Historically, legal positivism sits in opposition to natural law theories of jurisprudence, with particular disagreement surrounding the natural lawyer's claim that there is a necessary connection between law and morality.

Contents

Etymology

The term positivism is derived from ponere, positum, meaning, "to put". "Positive law" is that which is man-made, i.e., formally laid down.

Legal validity and the sources of law

In the positivist view, the "source" of a law is the establishment of that law by some socially recognised legal authority. The "merits" of a law are a separate issue: it may be a "bad law" by some standard, but if it was added to the system by a legitimate authority, it is still a law.

The Stanford Encyclopedia of Philosophy summarises the distinction between merit and source like so: "The fact that a policy would be just, wise, efficient, or prudent is never sufficient reason for thinking that it is actually the law, and the fact that it is unjust, unwise, inefficient or imprudent is never sufficient reason for doubting it. According to positivism, law is a matter of what has been posited (ordered, decided, practiced, tolerated, etc.); as we might say in a more modern idiom, positivism is the view that law is a social construction."

Legal positivism does not claim that the laws so identified should be followed or obeyed or that there is value in having clear, identifiable rules (although some positivists may also make these claims).
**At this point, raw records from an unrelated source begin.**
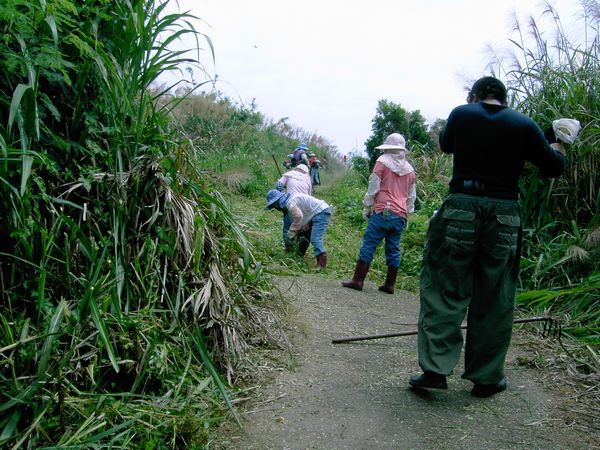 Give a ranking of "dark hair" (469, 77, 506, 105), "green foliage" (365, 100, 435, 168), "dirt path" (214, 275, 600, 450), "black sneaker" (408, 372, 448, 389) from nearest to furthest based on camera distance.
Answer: "dirt path" (214, 275, 600, 450)
"black sneaker" (408, 372, 448, 389)
"dark hair" (469, 77, 506, 105)
"green foliage" (365, 100, 435, 168)

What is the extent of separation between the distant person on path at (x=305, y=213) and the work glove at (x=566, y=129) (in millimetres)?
4023

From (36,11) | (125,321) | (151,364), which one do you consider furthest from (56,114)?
(151,364)

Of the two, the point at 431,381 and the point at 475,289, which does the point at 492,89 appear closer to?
the point at 475,289

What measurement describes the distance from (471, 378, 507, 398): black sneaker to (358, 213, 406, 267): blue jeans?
9.40 feet

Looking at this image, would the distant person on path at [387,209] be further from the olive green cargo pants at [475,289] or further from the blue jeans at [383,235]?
the olive green cargo pants at [475,289]

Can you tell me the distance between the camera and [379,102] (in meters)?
17.0

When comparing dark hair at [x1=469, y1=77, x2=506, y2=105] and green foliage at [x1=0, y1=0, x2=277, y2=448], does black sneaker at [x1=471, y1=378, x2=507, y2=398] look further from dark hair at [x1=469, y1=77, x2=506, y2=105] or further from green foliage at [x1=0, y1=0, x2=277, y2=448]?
dark hair at [x1=469, y1=77, x2=506, y2=105]

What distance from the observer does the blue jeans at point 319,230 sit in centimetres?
756

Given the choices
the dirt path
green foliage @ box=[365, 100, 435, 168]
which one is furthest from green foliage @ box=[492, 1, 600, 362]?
green foliage @ box=[365, 100, 435, 168]

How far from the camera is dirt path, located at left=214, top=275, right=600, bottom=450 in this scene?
3.21 m

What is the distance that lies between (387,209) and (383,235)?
0.30 metres

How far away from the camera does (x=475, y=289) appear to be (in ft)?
12.6

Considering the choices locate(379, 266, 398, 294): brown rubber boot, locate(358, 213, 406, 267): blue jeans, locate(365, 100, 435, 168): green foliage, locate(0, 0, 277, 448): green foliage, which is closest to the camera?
locate(0, 0, 277, 448): green foliage

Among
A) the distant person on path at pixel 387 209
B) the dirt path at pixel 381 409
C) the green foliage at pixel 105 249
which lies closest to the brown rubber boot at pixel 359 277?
the distant person on path at pixel 387 209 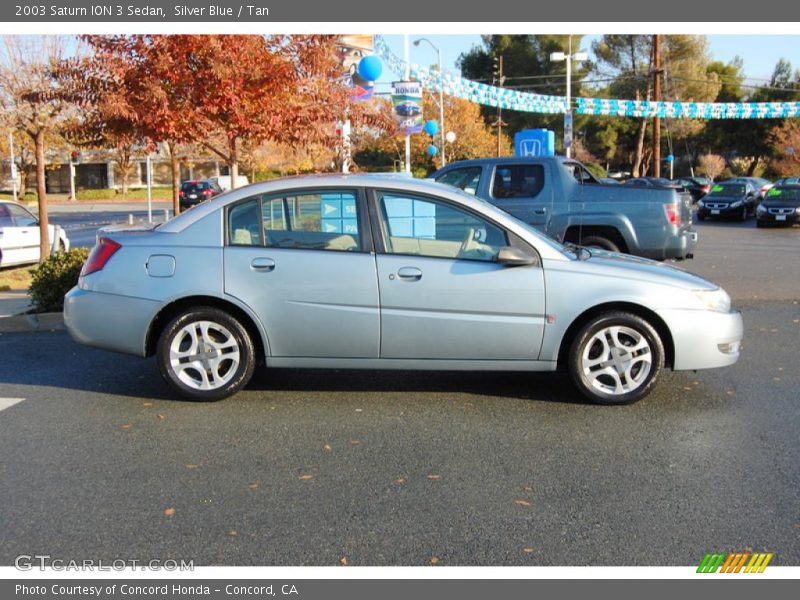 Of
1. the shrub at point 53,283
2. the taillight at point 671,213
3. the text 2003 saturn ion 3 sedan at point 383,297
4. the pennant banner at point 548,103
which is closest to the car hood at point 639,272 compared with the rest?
the text 2003 saturn ion 3 sedan at point 383,297

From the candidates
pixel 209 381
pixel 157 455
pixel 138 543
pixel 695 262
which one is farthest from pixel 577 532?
pixel 695 262

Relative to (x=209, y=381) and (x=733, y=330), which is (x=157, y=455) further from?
(x=733, y=330)

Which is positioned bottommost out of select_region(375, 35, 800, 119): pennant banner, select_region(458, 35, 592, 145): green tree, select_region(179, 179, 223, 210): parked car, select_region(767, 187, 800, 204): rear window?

Indeed, the laws of a legal system may be quite unjust, and the state may be quite illegitimate. As a result, there may be no obligation to obey them. Moreover, the fact that a law has been identified by a court as valid provides no guidance as to whether the court should apply it in a particular case. As John Gardner has said, legal positivism is 'normatively inert'; it is a theory of law, not a theory of legal practice, adjudication, or political obligation. Legal positivists believe that intellectual clarity is best achieved by leaving these questions to a separate investigation.

Legal positivism and legal realism

Legal positivism should be distinguished from legal realism. The differences are both analytically and normatively important. Both systems consider that law is a human construct. Unlike the American legal realists, positivists believe that in many instances, the law provides reasonably determinate guidance to its subjects and to judges, at least in trial courts.

Niklas Luhmann asserts "We can reduce... positive law to a formula, that law is not only posited (that is, selected) through decision, but also is valid by the power of decision (thus contingent and changeable)." However, no positivist has ever asserted that law is made valid by anyone's decision. In Hart's opinion, the validity of law is a matter of the customary and collective practices of the courts. As for the moral validity of law, both positivists and realists maintain that this is a matter of moral principles. 'The power of decision' has no essential role in either, since individual decision rarely suffices to create a social practice of recognition, and it would be implausible to suppose that moral principles are made so by anyone's decision.


See also




Unless indicated otherwise, the text in this article is either based on Wikipedia article "Legal positivism" or another language Wikipedia page thereof used under the terms of the GNU Free Documentation License; or on original research by Jahsonic and friends. See Art and Popular Culture's copyright notice.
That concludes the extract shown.